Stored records
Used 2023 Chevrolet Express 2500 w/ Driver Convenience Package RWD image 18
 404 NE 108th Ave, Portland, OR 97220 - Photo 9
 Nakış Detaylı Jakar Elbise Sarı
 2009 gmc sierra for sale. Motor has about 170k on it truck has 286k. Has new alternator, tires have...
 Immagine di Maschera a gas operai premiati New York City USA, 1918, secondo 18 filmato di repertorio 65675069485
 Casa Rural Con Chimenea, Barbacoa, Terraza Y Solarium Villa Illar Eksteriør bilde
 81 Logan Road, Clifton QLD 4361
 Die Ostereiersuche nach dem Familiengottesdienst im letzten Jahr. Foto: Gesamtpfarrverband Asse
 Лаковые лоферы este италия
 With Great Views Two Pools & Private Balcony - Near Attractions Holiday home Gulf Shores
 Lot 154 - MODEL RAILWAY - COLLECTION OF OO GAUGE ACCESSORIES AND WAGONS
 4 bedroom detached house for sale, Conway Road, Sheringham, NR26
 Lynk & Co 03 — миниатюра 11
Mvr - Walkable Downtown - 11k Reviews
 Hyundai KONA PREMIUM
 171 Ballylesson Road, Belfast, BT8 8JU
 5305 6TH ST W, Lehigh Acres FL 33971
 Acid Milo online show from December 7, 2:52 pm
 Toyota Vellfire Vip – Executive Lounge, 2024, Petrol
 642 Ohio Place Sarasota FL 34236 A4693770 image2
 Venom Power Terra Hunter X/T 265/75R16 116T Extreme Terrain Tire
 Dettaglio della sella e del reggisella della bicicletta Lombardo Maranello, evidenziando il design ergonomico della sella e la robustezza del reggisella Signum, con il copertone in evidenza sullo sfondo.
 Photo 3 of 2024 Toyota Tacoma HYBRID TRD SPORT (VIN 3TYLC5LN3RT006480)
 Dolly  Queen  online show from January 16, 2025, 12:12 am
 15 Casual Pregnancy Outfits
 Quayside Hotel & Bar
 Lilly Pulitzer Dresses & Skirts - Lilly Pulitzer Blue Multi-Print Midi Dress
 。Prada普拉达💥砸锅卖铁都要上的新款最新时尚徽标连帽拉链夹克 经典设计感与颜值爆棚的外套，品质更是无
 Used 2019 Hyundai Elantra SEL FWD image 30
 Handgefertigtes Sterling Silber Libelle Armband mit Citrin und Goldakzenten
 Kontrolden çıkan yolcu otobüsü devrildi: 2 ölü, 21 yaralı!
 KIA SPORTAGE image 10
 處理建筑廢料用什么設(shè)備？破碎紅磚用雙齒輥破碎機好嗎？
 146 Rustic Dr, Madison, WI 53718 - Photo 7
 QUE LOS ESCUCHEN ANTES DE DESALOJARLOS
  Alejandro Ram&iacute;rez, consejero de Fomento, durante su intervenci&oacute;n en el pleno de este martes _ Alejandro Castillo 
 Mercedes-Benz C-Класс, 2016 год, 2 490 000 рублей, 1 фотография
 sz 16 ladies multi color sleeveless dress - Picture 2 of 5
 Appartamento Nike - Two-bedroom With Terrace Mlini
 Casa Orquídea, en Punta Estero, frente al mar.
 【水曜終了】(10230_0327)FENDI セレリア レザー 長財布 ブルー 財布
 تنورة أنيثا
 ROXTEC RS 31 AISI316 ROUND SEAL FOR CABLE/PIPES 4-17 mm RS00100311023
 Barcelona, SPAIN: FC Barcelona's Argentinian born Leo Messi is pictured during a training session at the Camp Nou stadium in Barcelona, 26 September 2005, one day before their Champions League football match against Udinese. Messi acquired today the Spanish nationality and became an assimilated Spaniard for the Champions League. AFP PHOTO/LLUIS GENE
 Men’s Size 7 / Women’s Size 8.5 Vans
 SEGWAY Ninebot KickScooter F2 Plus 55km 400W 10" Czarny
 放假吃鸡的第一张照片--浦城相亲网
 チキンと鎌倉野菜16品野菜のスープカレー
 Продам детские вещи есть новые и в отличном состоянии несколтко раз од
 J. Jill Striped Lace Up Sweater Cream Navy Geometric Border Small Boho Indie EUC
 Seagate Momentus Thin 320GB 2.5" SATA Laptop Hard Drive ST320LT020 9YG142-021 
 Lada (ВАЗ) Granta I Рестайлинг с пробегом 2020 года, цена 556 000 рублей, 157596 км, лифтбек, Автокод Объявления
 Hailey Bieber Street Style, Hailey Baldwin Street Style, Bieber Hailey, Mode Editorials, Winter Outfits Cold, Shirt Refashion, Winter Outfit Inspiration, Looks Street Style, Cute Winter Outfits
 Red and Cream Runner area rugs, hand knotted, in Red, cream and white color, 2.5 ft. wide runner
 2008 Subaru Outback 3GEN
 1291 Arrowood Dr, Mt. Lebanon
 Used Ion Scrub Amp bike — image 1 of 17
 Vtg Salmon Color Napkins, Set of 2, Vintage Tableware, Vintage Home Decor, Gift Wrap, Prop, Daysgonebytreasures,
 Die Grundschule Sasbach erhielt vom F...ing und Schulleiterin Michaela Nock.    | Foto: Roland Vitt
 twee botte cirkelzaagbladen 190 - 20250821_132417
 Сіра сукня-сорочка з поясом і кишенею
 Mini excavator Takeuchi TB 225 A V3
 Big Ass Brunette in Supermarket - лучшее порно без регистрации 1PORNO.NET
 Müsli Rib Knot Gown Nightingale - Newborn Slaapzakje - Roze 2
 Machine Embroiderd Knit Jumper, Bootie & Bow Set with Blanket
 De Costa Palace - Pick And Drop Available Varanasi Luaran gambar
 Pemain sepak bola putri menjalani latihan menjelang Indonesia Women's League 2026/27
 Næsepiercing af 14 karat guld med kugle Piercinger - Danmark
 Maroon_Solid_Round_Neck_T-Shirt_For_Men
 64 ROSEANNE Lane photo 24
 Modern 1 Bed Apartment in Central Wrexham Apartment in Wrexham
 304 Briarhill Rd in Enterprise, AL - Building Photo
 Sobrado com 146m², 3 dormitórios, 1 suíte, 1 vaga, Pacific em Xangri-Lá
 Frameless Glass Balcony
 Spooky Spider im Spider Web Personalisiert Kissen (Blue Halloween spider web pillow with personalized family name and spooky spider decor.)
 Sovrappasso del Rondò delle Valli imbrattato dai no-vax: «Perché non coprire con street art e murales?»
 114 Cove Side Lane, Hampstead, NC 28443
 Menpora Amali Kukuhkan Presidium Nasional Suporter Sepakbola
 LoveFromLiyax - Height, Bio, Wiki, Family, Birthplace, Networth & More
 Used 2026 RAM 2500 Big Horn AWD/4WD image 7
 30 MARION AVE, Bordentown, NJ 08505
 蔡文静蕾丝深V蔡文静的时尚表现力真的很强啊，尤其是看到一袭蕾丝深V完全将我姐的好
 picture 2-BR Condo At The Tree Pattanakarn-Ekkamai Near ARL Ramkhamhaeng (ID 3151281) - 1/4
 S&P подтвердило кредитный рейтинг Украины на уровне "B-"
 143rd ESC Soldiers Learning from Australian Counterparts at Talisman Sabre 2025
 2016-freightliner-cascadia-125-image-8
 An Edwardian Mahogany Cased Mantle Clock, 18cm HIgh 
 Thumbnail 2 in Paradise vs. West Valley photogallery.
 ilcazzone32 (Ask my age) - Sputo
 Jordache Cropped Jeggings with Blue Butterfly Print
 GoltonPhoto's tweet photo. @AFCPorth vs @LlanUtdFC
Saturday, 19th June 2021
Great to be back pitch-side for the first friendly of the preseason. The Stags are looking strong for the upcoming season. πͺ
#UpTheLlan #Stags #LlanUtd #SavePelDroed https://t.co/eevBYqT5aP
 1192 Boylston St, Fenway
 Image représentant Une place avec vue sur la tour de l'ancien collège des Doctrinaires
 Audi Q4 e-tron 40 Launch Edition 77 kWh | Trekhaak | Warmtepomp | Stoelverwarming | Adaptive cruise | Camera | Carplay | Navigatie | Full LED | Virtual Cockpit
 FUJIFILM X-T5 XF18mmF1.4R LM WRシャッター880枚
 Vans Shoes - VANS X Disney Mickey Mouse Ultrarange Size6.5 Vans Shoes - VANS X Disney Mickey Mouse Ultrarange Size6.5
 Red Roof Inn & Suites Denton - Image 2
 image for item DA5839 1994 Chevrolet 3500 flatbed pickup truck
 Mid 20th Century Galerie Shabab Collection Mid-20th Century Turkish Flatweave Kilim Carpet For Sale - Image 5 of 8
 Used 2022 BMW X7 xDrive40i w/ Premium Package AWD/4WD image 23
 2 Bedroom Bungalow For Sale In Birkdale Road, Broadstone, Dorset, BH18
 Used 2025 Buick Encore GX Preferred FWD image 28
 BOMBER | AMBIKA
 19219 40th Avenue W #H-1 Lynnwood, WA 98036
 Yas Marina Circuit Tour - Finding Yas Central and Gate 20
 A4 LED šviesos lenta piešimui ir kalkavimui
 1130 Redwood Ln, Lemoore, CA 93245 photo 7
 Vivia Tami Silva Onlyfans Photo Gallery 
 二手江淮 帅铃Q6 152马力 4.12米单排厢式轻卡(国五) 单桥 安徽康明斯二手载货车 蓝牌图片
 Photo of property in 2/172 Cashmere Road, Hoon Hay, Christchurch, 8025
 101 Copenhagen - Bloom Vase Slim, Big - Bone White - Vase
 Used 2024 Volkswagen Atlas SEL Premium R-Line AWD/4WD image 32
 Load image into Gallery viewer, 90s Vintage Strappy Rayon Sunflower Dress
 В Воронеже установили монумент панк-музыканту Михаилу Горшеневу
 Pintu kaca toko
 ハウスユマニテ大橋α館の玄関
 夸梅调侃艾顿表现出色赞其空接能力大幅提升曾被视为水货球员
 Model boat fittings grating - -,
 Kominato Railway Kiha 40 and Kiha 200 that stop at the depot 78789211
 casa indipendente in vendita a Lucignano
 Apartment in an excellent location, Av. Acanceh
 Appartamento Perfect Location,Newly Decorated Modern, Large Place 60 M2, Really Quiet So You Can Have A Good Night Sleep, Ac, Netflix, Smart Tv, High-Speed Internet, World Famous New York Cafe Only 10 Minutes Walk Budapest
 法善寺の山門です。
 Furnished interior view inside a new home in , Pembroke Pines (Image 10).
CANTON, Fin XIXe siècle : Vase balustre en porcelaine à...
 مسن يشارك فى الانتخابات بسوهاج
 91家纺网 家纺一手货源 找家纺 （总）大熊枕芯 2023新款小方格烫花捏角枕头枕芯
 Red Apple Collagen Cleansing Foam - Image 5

EXERCISE ::
Retype the records above, but only those lines that fall between the line containing "KIA SPORTAGE image 10" and the line containing "ROXTEC RS 31", with both of those lines included, exactly as written.

WORKED SOLUTION ::
 KIA SPORTAGE image 10
 處理建筑廢料用什么設(shè)備？破碎紅磚用雙齒輥破碎機好嗎？
 146 Rustic Dr, Madison, WI 53718 - Photo 7
 QUE LOS ESCUCHEN ANTES DE DESALOJARLOS
  Alejandro Ram&iacute;rez, consejero de Fomento, durante su intervenci&oacute;n en el pleno de este martes _ Alejandro Castillo 
 Mercedes-Benz C-Класс, 2016 год, 2 490 000 рублей, 1 фотография
 sz 16 ladies multi color sleeveless dress - Picture 2 of 5
 Appartamento Nike - Two-bedroom With Terrace Mlini
 Casa Orquídea, en Punta Estero, frente al mar.
 【水曜終了】(10230_0327)FENDI セレリア レザー 長財布 ブルー 財布
 تنورة أنيثا
 ROXTEC RS 31 AISI316 ROUND SEAL FOR CABLE/PIPES 4-17 mm RS00100311023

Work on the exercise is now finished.